#### [Exercise data]
++++++++++
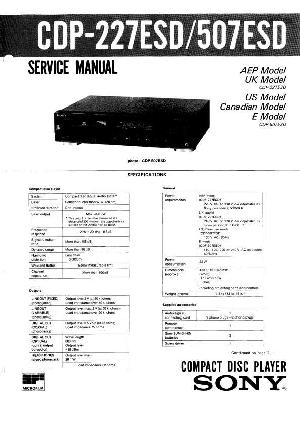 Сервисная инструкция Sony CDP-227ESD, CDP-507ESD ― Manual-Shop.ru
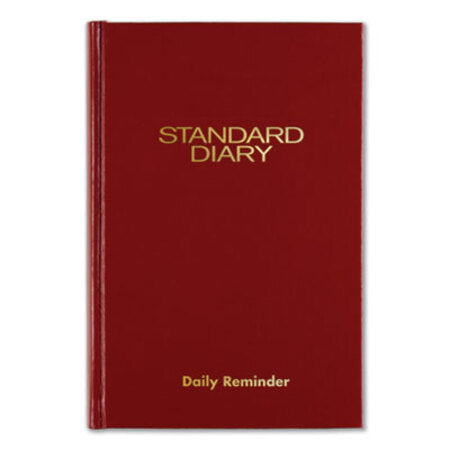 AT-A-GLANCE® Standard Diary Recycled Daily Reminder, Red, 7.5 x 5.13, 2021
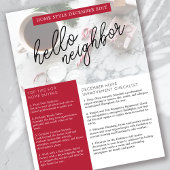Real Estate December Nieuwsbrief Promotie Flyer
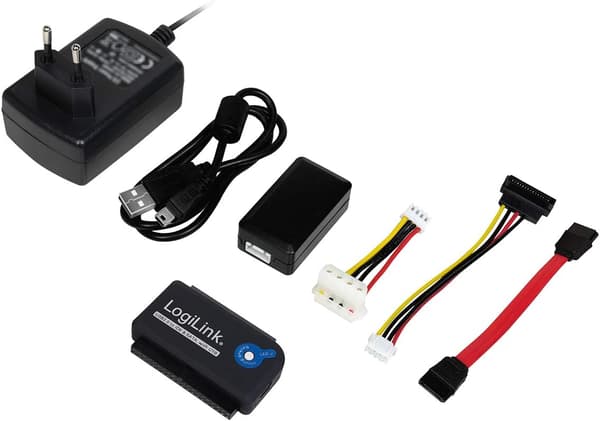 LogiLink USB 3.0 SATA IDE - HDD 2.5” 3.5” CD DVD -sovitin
++++++++++
#### [Work order]
What this calls for is the material above set down exactly, pictures excluded.

#### [Output for this task]
 Сервисная инструкция Sony CDP-227ESD, CDP-507ESD ― Manual-Shop.ru
 AT-A-GLANCE® Standard Diary Recycled Daily Reminder, Red, 7.5 x 5.13, 2021
Real Estate December Nieuwsbrief Promotie Flyer
 LogiLink USB 3.0 SATA IDE - HDD 2.5” 3.5” CD DVD -sovitin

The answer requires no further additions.